Today's news covers a woman blankly confessing
she drowned her five children one after
another
because she was a bad mother and had
ruined them.
A reporter narrates infanticide: common
in ancient Rome,
and in some places even now girls are routinely
left to starve.
The oldest son, seven, surprised her holding
the infant under
and tried to save his sister. What was
this mother's act
but a kind of suicide, epic in proportion,
that missed
its mark? She couldn't simply fall upon
a sword,
for if she vanished who would look after
the children?
xvi.
Studying the capsuled whorls his microscope
revealed
inside a slice of cork, an early scientist
recalled those chambers
where each monk retires in solitude, and
called the wood's
internal architecture cells. So
the virgin worker bee
who strokes ten thousand flowers in her
six-week life
transmutes their dust to honey in a hexagonal
cell.
Honey will preserve a corpse but can't
immortalize
as cancer does, turning some cells
deathless at the body's cost.
Terrorist cells, churning out daughter
cells.
Say that slowly and you hear
daughter sails
xvii.
All day you've belonged to others, others
worn so by their own work
they could not, if they wanted,
see how they wasted you.
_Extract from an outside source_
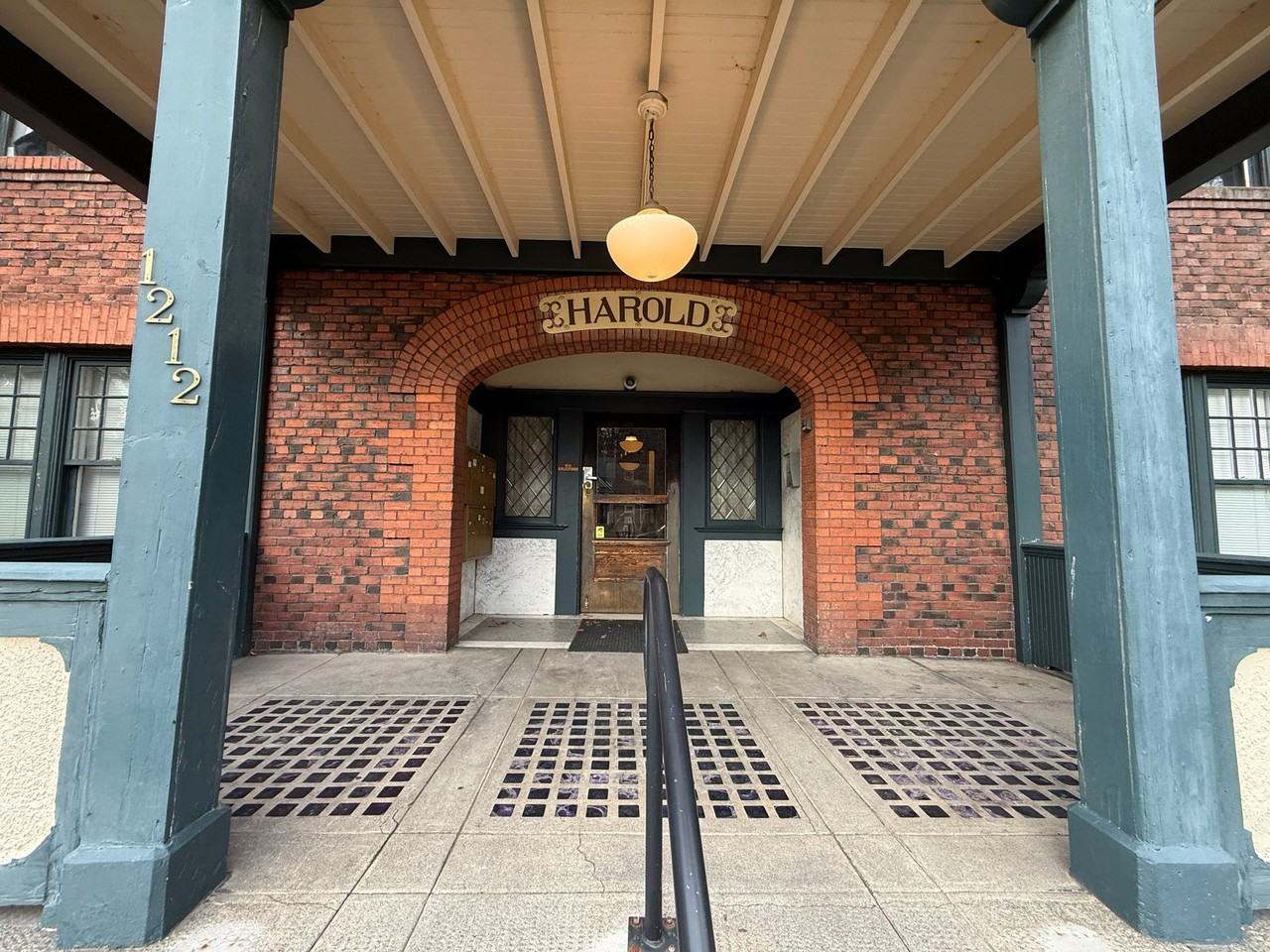 Harold Apartments on South Hill! - Photo 2 of 2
Let them go.
Tonight, the air drapes the year's first
bloodwarm mantle
across your shoulders. Beside you, the dogwood
balances each cup of its porcelain service.
To live, you must follow Flora as the Roman
painter saw her,
turning her face from time to green
eternity. Near Vesuvius she nurses the waxing
petals, and keeps the six secrets of the
honeybee.
xviii.
Spring evening, seven o'clock.
Goldfinch tweezing thistle from the neighbors'
feeder.
From next door, the clatter of dishes and
an argument
trailing off as their children set the table
for supper.
A coal train going through, slow by its
sound, not stopping.
Later, a walk with the dog.
The yards on either side of the alley sparked
by fireflies.
Washing his car, the man on the corner has
left us a gully of suds.
Muted television murmur. Honeysuckle.
Porch gardens where tomato seedlings spring
from tomato cans.
xix.
Spark struck in a single cell…and in that
suspended reverie
while, without our knowing it, the haploid
nuclei engaged,
it seemed I saw the earth's face from a
long way off,
its zona pellucida a nimbus sheltering the
fusing life.
Whose beginning had I half-dreamt, nights
below the draft-stirred mobius?
I thought it only mine, until the hour
when I strained
my ears to the colloquy of voices cloistered
in my cells,
a trace I knew to follow not backwards any
longer but
forward through my daughter's first breaths
as she slid
embodied from our very flesh, and began
to cry.
xx.
(Monongahela Nocturne)
Flora summons the storm: Come tree bender,
blustering
flattener of wild grasses, cloudracer, you
who make
the ivy rattle its dusted leaves in thirst.
Bring water's
course to the schoolyard and the narrow
glen
bedded with whitetails, to the road, the
track, the shotgun
shacks, to the pool of tailings dabbled
by ducks,
and when you leave us at midnight, leave
stars overhead
trembling as notes in the lullaby: diamond
above me,
diamond below, diamonds at all four corners,
anthracite night, and carbon the body
of miners.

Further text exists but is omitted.